Pada saat yang sama, ekonomi Indonesia triwulan I-2026 tumbuh 5,61 persen secara tahunan. Angka itu terlihat kuat. Tetapi pertanyaan lama tetap belum hilang. Siapa yang paling banyak menikmati pertumbuhan itu?
Laporan CELIOS pada April 2026 menunjukkan kekayaan 50 orang terkaya di Indonesia setara dengan kekayaan puluhan juta warga lainnya. Sebagian besar kekayaan itu berasal dari bisnis sumber daya alam seperti sawit, mineral, tambang, batu bara dan energi.
Data-data itu tidak penting untuk membangkitkan kecemburuan sosial. Data itu penting untuk menunjukkan bahwa pertumbuhan ekonomi belum otomatis menghadirkan pemerataan.

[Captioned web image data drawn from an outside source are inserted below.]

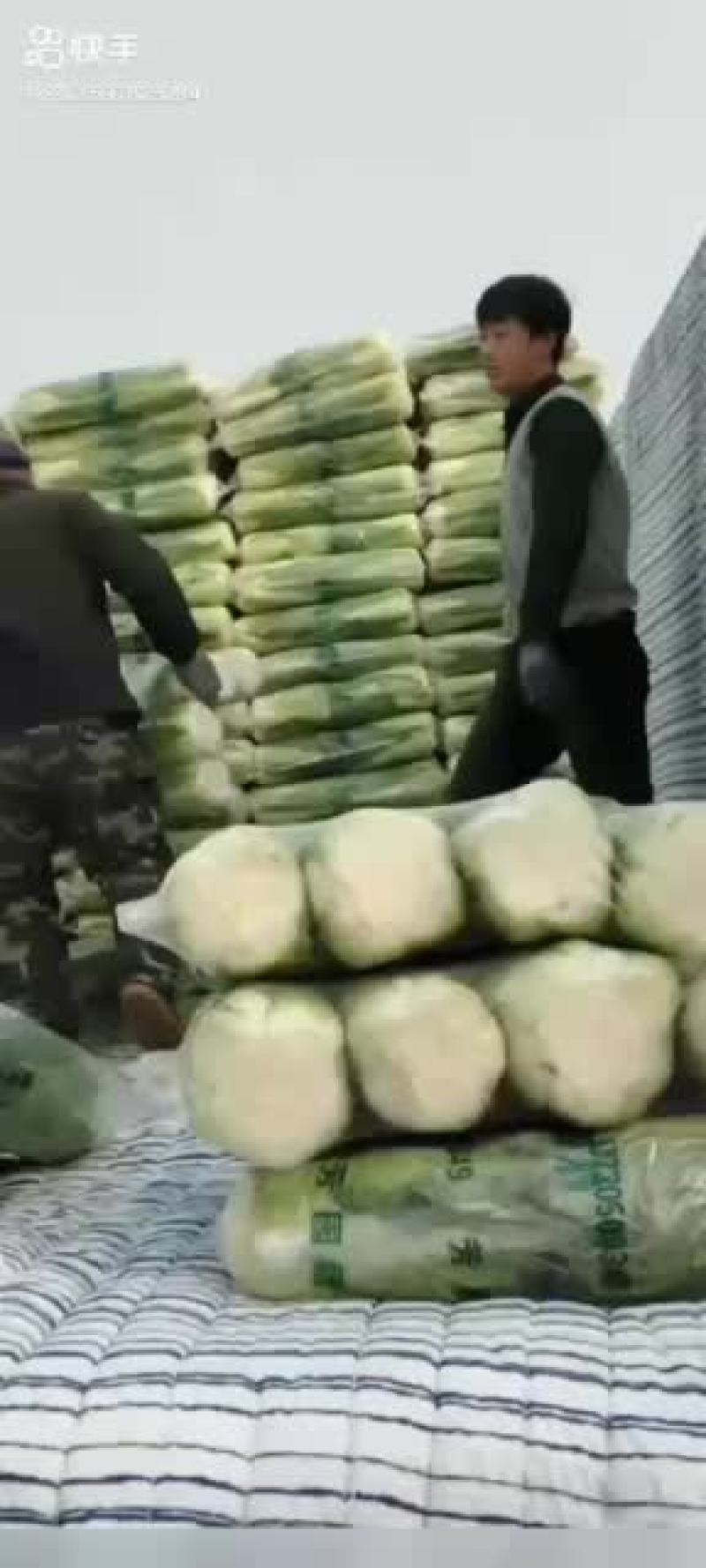 路地大白菜大量上市，大白菜整车批发质量优大量有货，咋单中
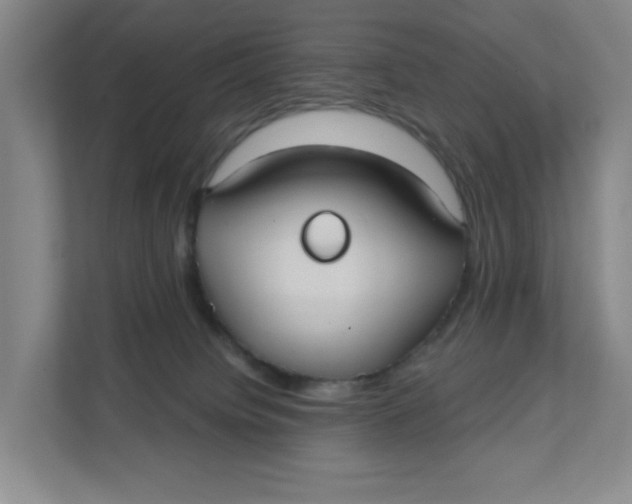 X0000111420084200908031313
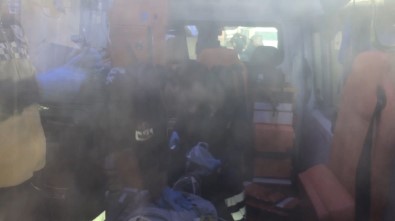 Abi-Kardeş Kavgası Kanlı Bitti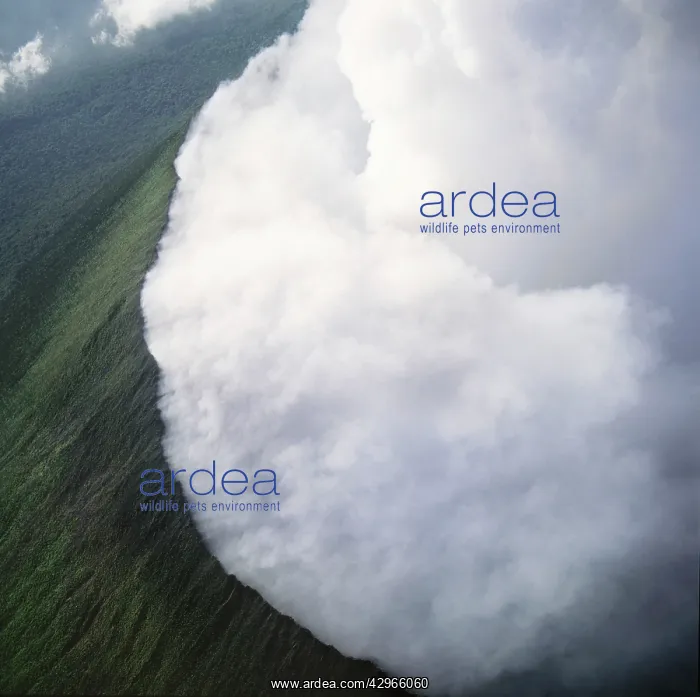 : Aerial view of the Great Rift Valley : Aerial view of the Great Rift Valley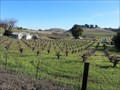 Image for Viano Winery - Martinez, CA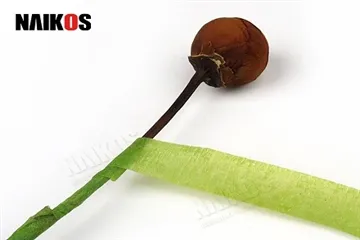 Sut i ddefnyddio tâp blodau i sicrhau coesau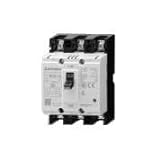 三菱電機 NF30-CS 2P 3A WW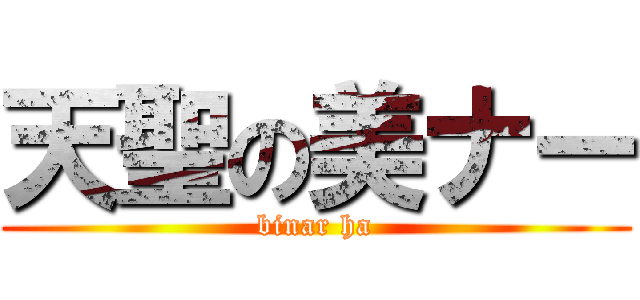 天聖の美ナー (binar ha)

Di sinilah novel klasik karya Pramoedya Ananta Toer terasa relevan dibaca kembali. Dalam Bumi Manusia dan Anak Semua Bangsa, Pramoedya menggambarkan bagaimana kekuasaan, modal, dan pengetahuan dapat membuat sebagian manusia tersisih di tanahnya sendiri. Ia memang tidak menulis teori ekonomi. Tetapi ia menunjukkan bagaimana ketimpangan bekerja dalam kehidupan sehari-hari. Siapa yang punya akses, siapa yang didengar, dan siapa yang akhirnya hanya menjadi penonton.

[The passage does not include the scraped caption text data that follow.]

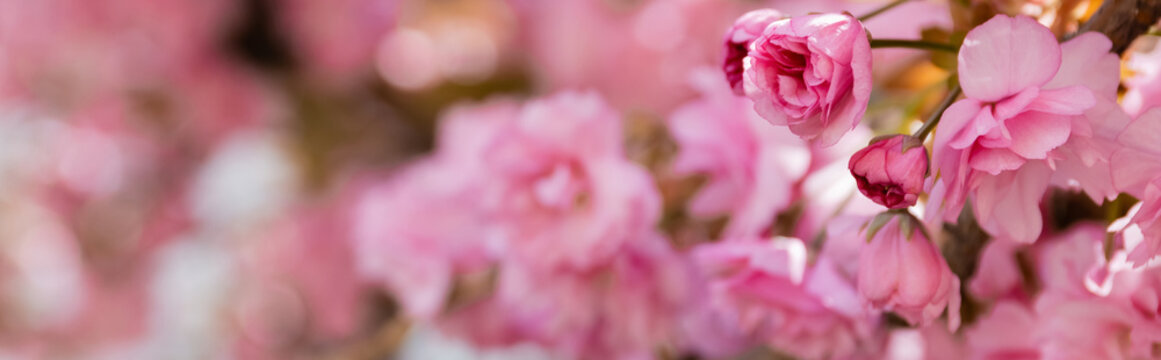 close up view of pink flowers of aromatic cherry tree in park, banner.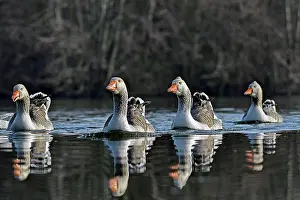 Doubs: Greylag geese (Anser anser) on the Marconnet pond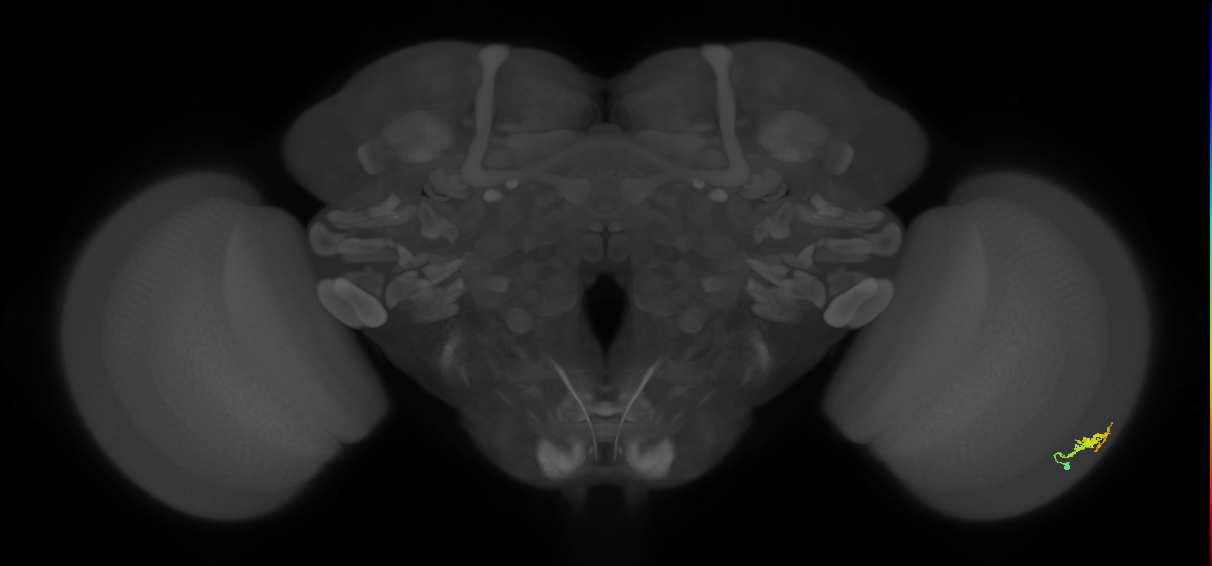 Dm3b_R (JRC_OpticLobe:103627)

Di antara Hatta dan Pram, sila kelima menemukan dua pijakannya yakni demokrasi ekonomi dan martabat manusia. Tanpa keduanya, keadilan sosial mudah berubah menjadi slogan administratif.

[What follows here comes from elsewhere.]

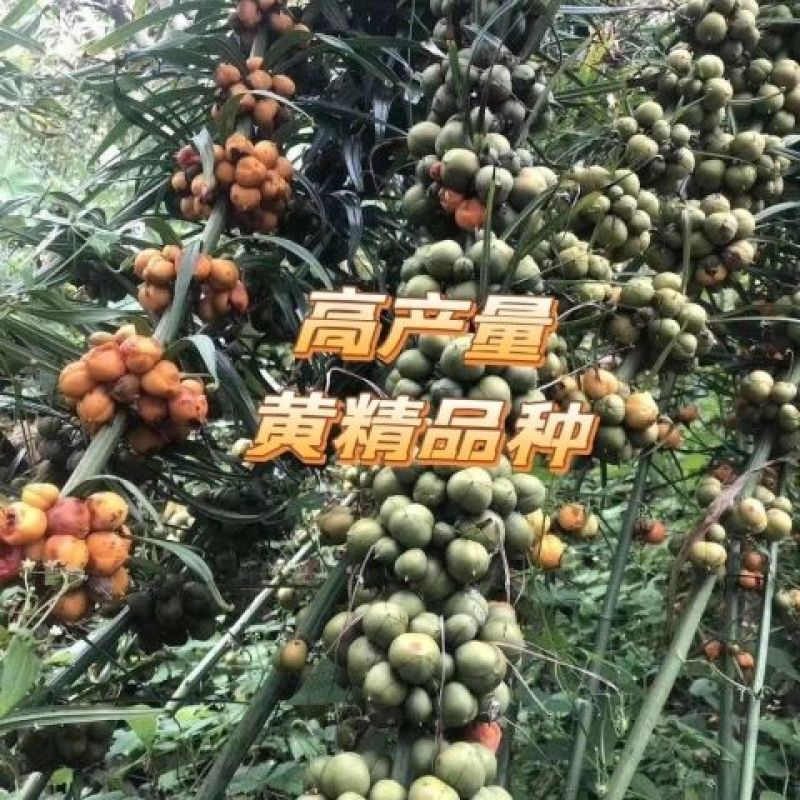 正宗黄金苗联系加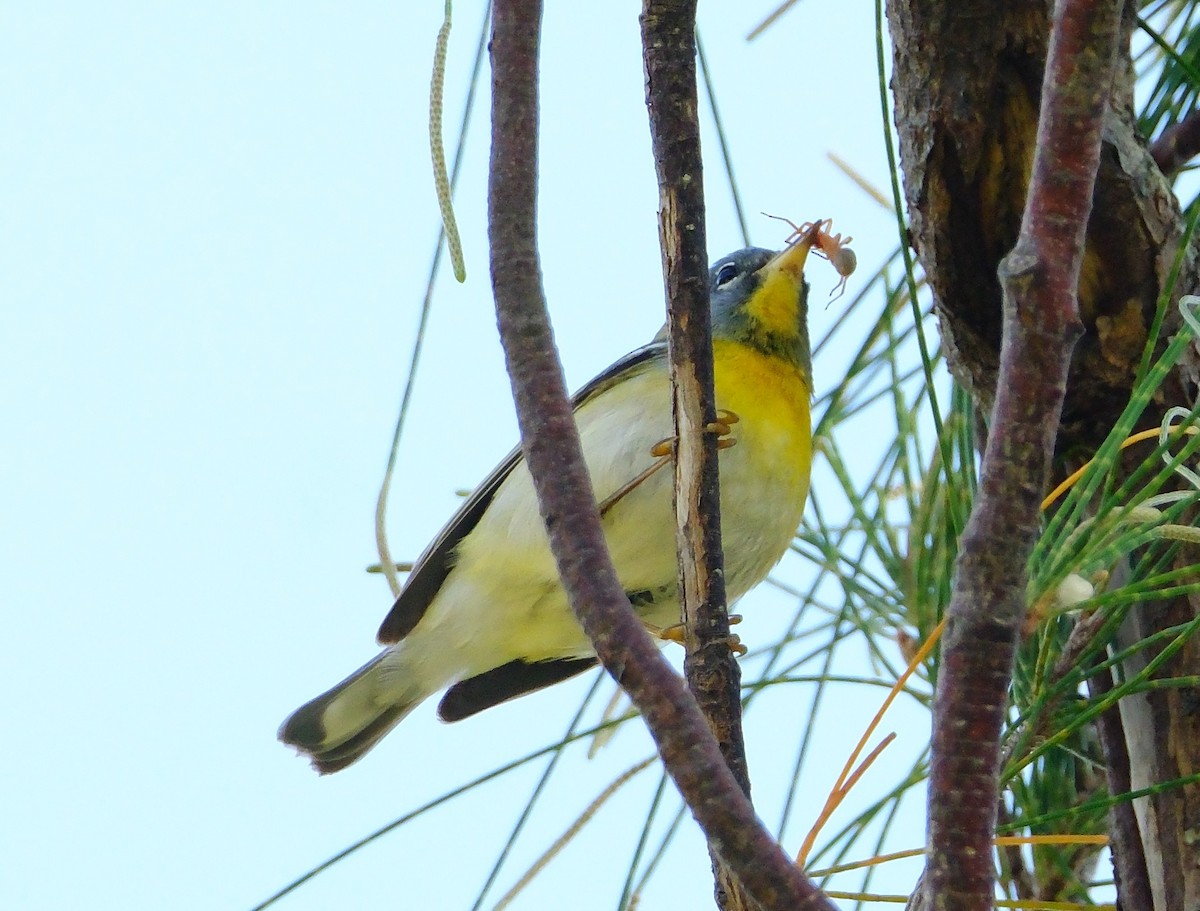 Northern Parula - ML634440950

Karena itu, Hari Lahir Pancasila seharusnya tidak berhenti sebagai perayaan simbolik. Ia harus menjadi momen untuk menguji apakah negara benar-benar sedang membangun keadilan sosial, atau justru memperbesar struktur kekuasaan ekonomi baru dengan nama berbeda.
Apakah program sosial sungguh memperkuat rakyat, atau hanya menciptakan ketergantungan baru? Apakah koperasi dibangun sebagai gerakan warga, atau sekadar proyek birokrasi? Apakah penguasaan negara atas sumber daya alam benar-benar menghadirkan manfaat luas, atau akhirnya hanya memperbesar elite pengelola negara?
Pertanyaan-pertanyaan itu penting karena sejarah Indonesia menunjukkan bahwa kekuasaan ekonomi yang tumbuh atas nama rakyat tidak selalu berakhir untuk rakyat. Dan mungkin di situlah sila kelima sedang diuji hari ini. Bukan pada seberapa sering ia diucapkan. Tetapi pada apakah republik ini masih mampu membuat rakyat kecil merasa menjadi bagian dari masa depan bangsa.
Pada akhirnya, rakyat tidak mengukur keadilan dari pidato negara, tetapi dari apakah hidup mereka benar-benar menjadi lebih layak. Sebab Pancasila tidak kehilangan makna karena kurang diperingati. Pancasila kehilangan makna ketika nilai-nilainya pelan-pelan hilang dalam kehidupan sehari-hari.